Hot Drinks Harm
The expert team at the South West UK Children’s Burn Centre at Frenchay Hospital, in Bristol, treat thousands of children every year who have been injured by hot drinks.
A scald is a burn injury caused by hot liquid, hot vapour or steam and in young children, scalds are commonly associated with hot drink spillages, water being boiled for drinks, cooking, hot food and hot tap water.
Scald injuries cause pain and can scar a child for life.
Injuries are usually to the head, face, neck and chest.
Hot drink scalds usually happen when a young child pulls a cup of tea onto themselves or pulls on an item (e.g. a tablecloth) that causes a drink to fall.
Injuries are also caused when children run into someone holding a hot drink or when they are themselves held by someone who has a drink and spills it.
Hot water can cause a scald for up to 30 minutes after it is boiled.

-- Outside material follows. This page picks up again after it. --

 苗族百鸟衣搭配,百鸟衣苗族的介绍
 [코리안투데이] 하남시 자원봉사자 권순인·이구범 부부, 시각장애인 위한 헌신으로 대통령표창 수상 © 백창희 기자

Hot drink scalds can happen in seconds, often before the supervising adult realises that the child is reaching for the hot drink until it is too late to stop them.
Each year 37,000 children are injured in burn/ scald accidents (Hospital Episode Statistics UK 2002):
- Of those 28,000 (76%) are under five years of age.
- 95% of the accidents occur at home - more than 50% in the kitchen.
- Hot liquids cause 70% of all thermal injuries to children.
- More than 3,500 children have scalds serious enough to require admission to specialised burns services each year (iBID 03-09), of which 55% are scalds.
- That means that 180 children with scalds caused by hot drinks are seen in hospital every day in England and Wales.
- In Bristol, with a catchment population of 5 million for this type of injury, 740 new burns in children were managed in 2009, of which 391 were scalds (53%) and 39% were hot drink related.
With the correct treatment and management most scalds will heal completely.
But even in these children the pain, experience for the child and the family as well as the inevitable costs are potentially life-changing.
A percentage of the scalds however will require skin grafting and result in a need for life-long scar therapy.